Repeat the records below exactly, leaving out any pictures.

::::::::::

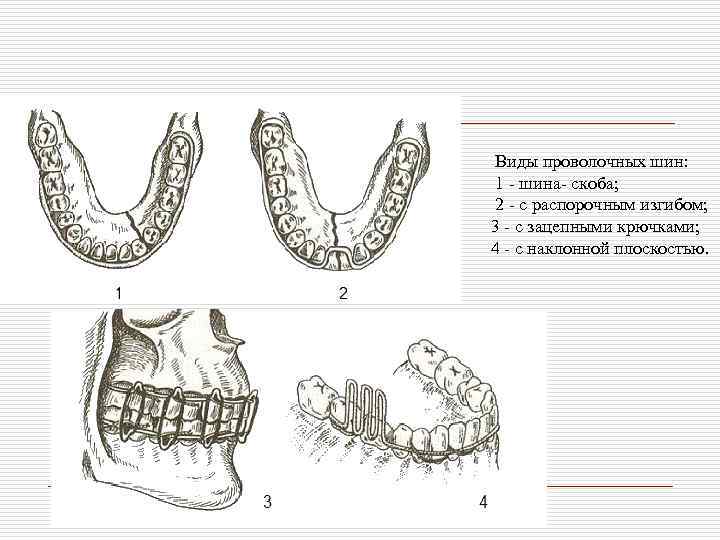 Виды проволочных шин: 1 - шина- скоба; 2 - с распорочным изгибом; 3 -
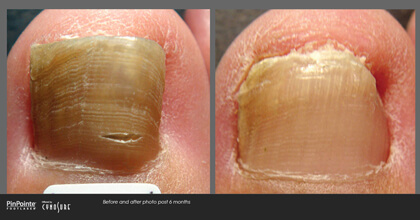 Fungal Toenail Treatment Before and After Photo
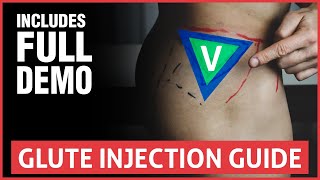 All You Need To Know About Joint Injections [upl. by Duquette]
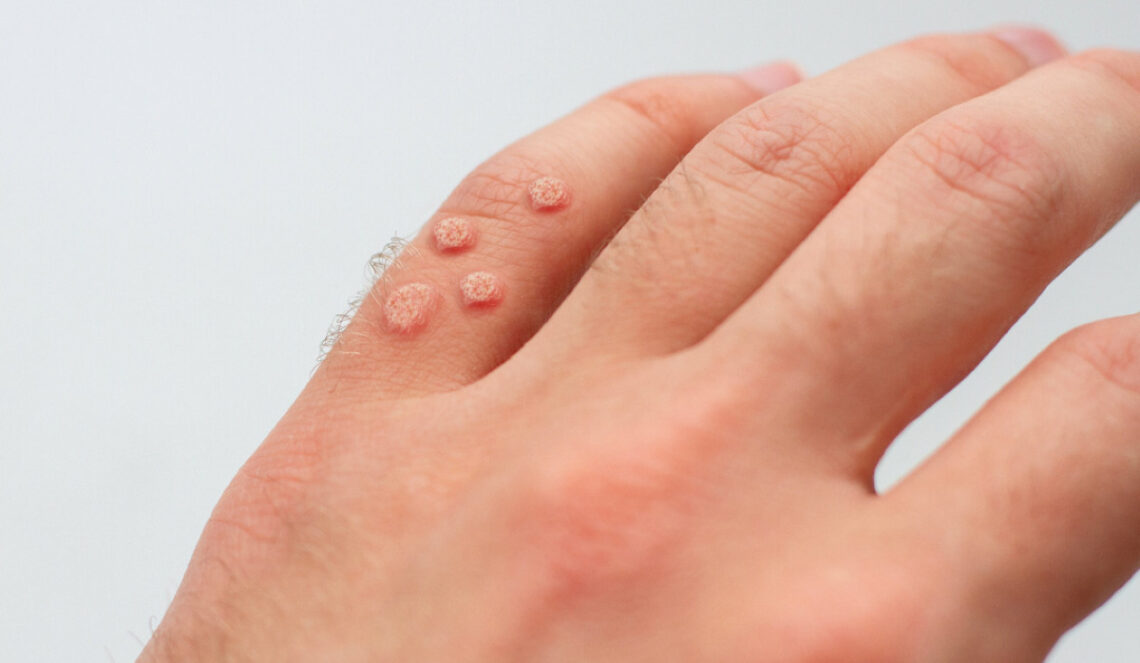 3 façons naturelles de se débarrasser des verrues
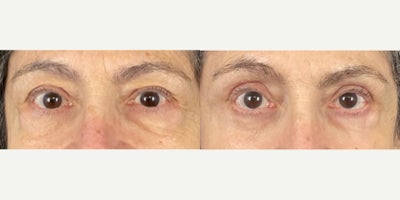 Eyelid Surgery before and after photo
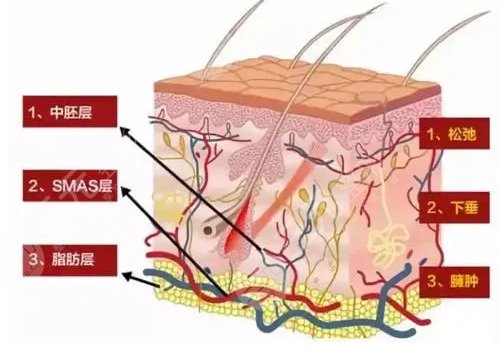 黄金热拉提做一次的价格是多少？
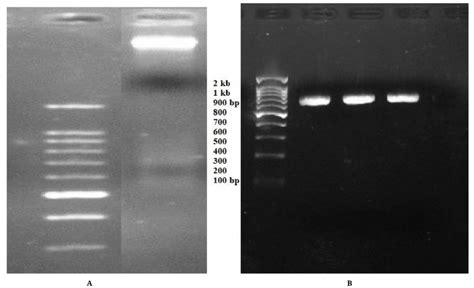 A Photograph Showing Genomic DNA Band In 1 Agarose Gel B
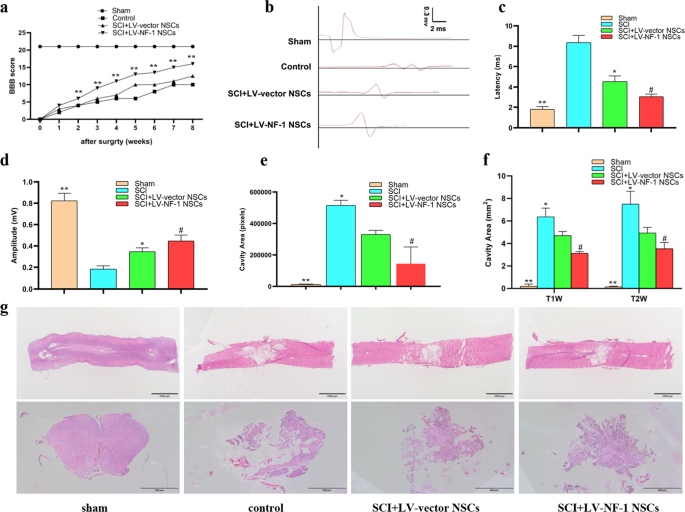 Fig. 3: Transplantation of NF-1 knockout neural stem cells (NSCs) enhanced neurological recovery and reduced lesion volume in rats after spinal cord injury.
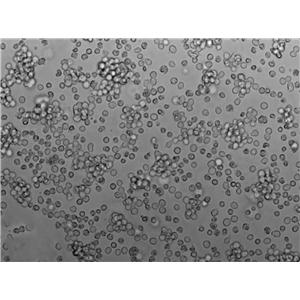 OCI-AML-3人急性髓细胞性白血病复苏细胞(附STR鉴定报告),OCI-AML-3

::::::::::

## Task solution
 Виды проволочных шин: 1 - шина- скоба; 2 - с распорочным изгибом; 3 -
 Fungal Toenail Treatment Before and After Photo
 All You Need To Know About Joint Injections [upl. by Duquette]
 3 façons naturelles de se débarrasser des verrues
 Eyelid Surgery before and after photo
 黄金热拉提做一次的价格是多少？
 A Photograph Showing Genomic DNA Band In 1 Agarose Gel B
 Fig. 3: Transplantation of NF-1 knockout neural stem cells (NSCs) enhanced neurological recovery and reduced lesion volume in rats after spinal cord injury.
 OCI-AML-3人急性髓细胞性白血病复苏细胞(附STR鉴定报告),OCI-AML-3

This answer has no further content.